1 de agosto de 2014

Elementar


“Eu daria a minha vida por você.” 

Todos na sala permaneceram silenciosos. Ele insistiu, declarando nominalmente, apontando para ela, naquele êxtase furioso, orgulhando-se da própria capacidade de dizer algo incrível. 

“Eu daria a minha vida por você.” 

Por isso estranhou a falta de reação da plateia e da amada. Ninguém aplaudiu. Ele decidiu repetir uma terceira vez, limpando a garganta antes e usando uma voz ligeiramente empolada. 

“Eu daria a minha vida por você!” 

__ Sim, mas... o que isso quer dizer, exatamente?  
__ Eu te amo! Mas não queria usar a palavra “amor”, que já está muito desgastada. Prefiro dizer que daria a minha vida por você, porque eu realmente daria, entende? 
__ Isso significa que você... hum... morreria por mim? 
__ Claro! 
__ Hum... Mas e se... vamos supor... e se nunca acontecer de a minha vida correr perigo o suficiente para eu precisar da sua? 
__ Bom, melhor, né?
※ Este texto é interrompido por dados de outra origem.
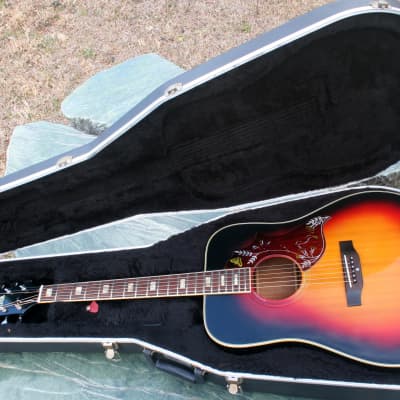 Greco 202 Hummingbird Early 70s | Reverb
Mas já que eu estou dizendo, você já fica sabendo. 

Ela parou um pouco pra pensar em quantas vezes precisou de um rim, um fígado, uma córnea, ser salva de um atropelamento, afogamento, sequestro ou da beira de um precipício, de onde dependurava só por uma das mãos. Quantas vezes esteve em uma situação limite, precisando de um herói ou de uma força descomunal em seu favor por um momento, uma grande explosão do vigor masculino que lhe ejetasse do risco e lhe pousasse, sem trancos, em terra firme. 

A matemática é perfeita. Terminou a conversa, a relação e, anos mais tarde, ficou com alguém que acordava mais cedo aos finais de semana para lhe preparar uma limonada rosa e ajeitar no pratinho, ao lado dos cookies, pro café da manhã.

Um comentário:

Felipe Teles disse...

Limonada no calor e leite com nescau quente no frio...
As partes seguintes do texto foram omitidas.